Apers implements this through its Decomposition and Verification meta-skills. Decomposition breaks a complex model into isolated calculation blocks: one block for NOI, one for debt service, one for cash flow distribution. Each block has defined inputs and outputs. The AI generates formulas for one block, verifies internal consistency, then moves to the next block. This prevents the cascading reference errors that plague ChatGPT-generated models.
Verification runs automatically after every calculation block. The tool generates formulas, calculates results using the provided inputs, and checks whether results satisfy logical constraints. For a sources and uses table, it verifies total sources equal total uses. For a waterfall, it verifies distributed cash equals available cash. For an operating pro forma, it verifies that sum of line items equals stated totals. If verification fails, the AI revises formulas before proceeding.
This verification protocol is what ChatGPT fundamentally lacks. When you ask ChatGPT, "Is this correct?", it evaluates formula syntax, not formula results. Purpose-built tools evaluate results by executing formulas against actual inputs. The Project Cypress model that failed four times in ChatGPT would have failed immediately in a verification-first tool, triggering a correction before the user wasted time implementing broken formulas.
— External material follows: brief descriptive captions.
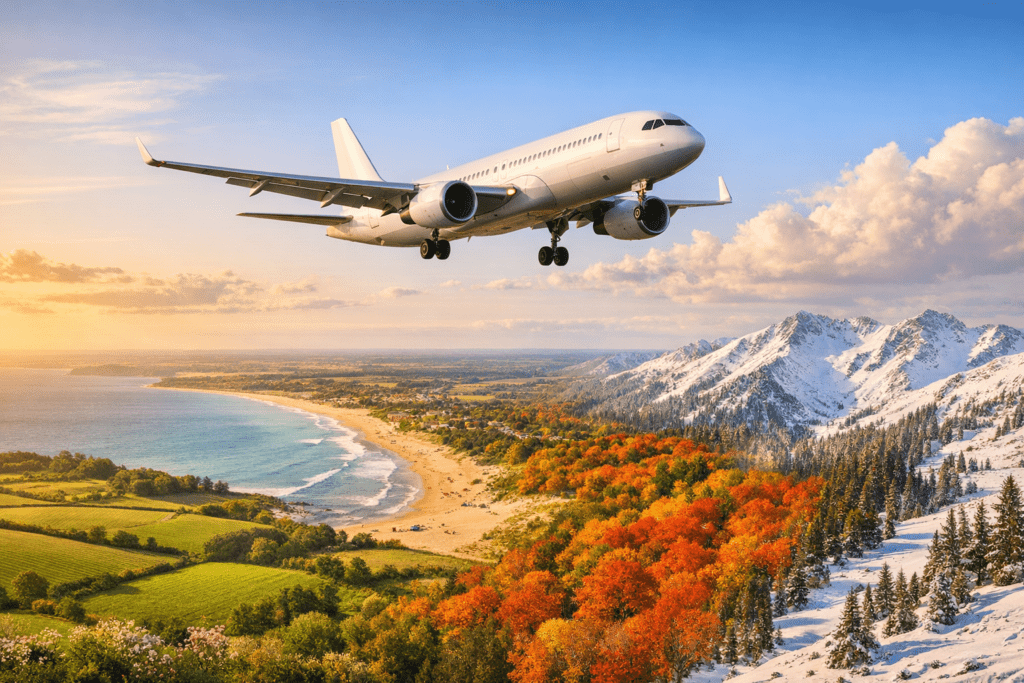 Ultimate Guide to Seasonal Flight Deals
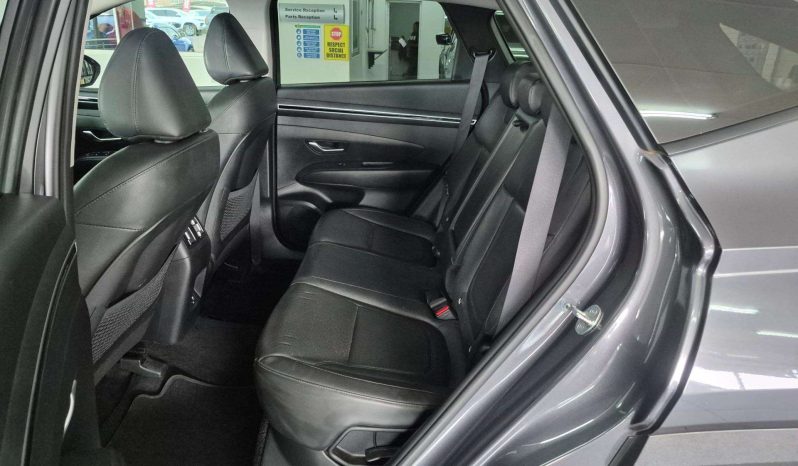 
								Hyundai Tucson TUCSON 2.0 EXECUTIVE A/T full									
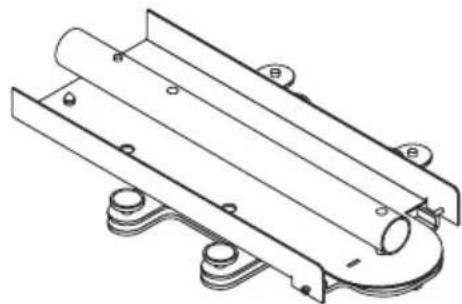 NEC U300X - Paketlenen Parçalar - 6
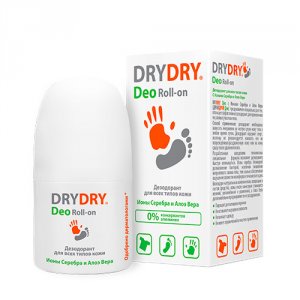 Дезодоранты Dry Dry Дезодорант для всех типов кожи Deo (MPL192081)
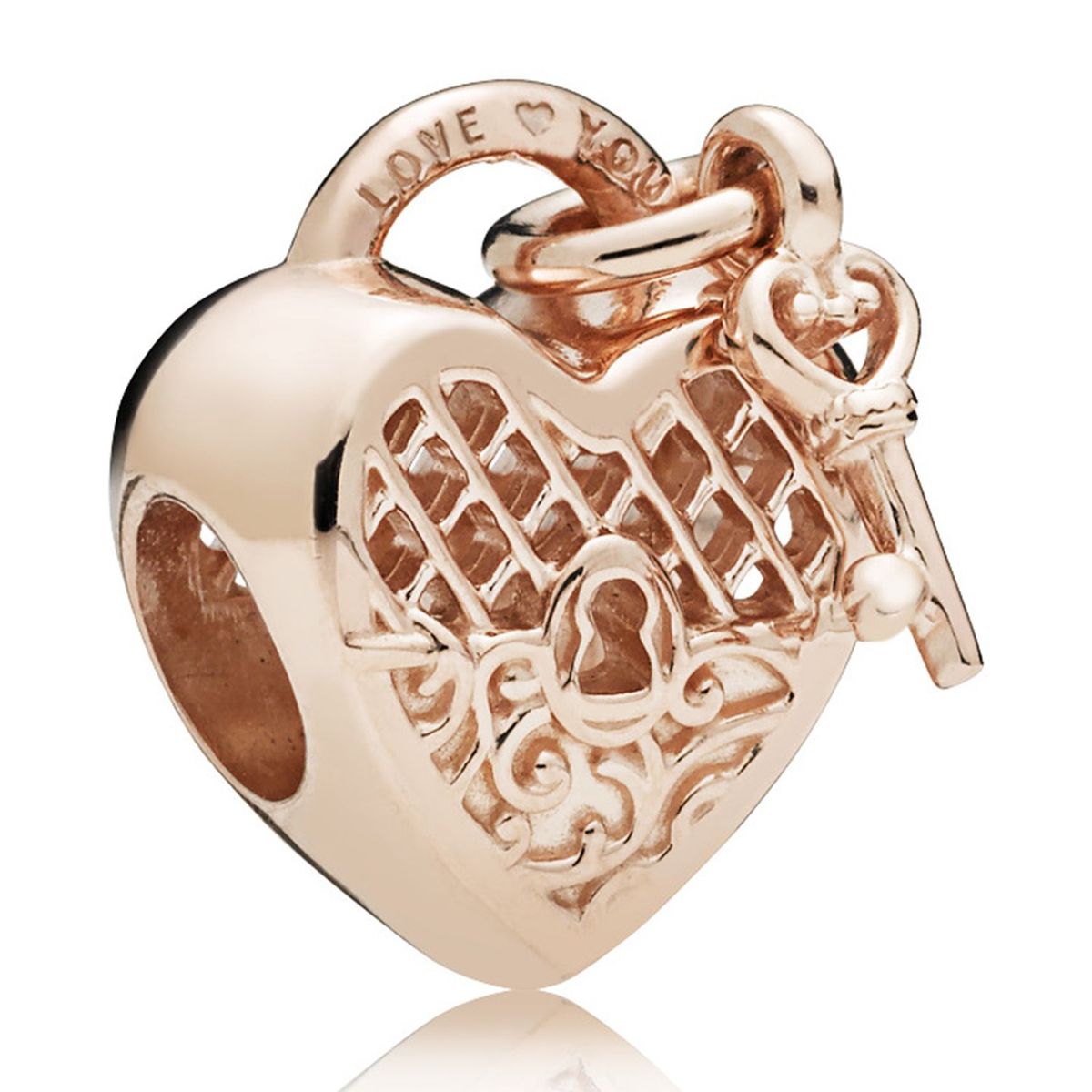 PANDORA - Cierre Love You 787655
Direct file integration means the AI writes formulas directly into an Excel file through APIs, rather than generating text for users to copy manually. This eliminates transcription errors and allows the AI to reference actual cell contents. When generating a formula for cell C2, the tool knows that B2 contains a number (or formula) and B1 contains a header. It doesn't guess cell locations—it reads the current spreadsheet state and generates formulas that reference the correct cells.
Tools like Apers use Excel's COM API (on Windows) or AppleScript (on Mac) to manipulate spreadsheets programmatically. The AI generates a formula, the API writes it to the specified cell, Excel calculates the result, and the API reads the calculated value. If the value is incorrect (say, Sources ≠ Uses), the AI knows immediately and revises the formula. This closed-loop process is impossible with ChatGPT's text-only interface.
The architectural differences mean purpose-built tools don't just "work better"—they work categorically differently. ChatGPT generates plausible formulas based on pattern matching. Purpose-built tools generate verified formulas based on logical constraints. ChatGPT requires users to debug outputs manually. Purpose-built tools surface errors automatically. ChatGPT hallucinates cell references. Purpose-built tools read actual cell contents.
For users who need an actual working Excel file, not just a conversation about what an Excel file might contain, purpose-built tools are not an incremental improvement over ChatGPT—they are the only viable option. The Verification framework we teach in our guide addresses exactly this gap: how to structure AI interactions so outputs are tested, not assumed correct.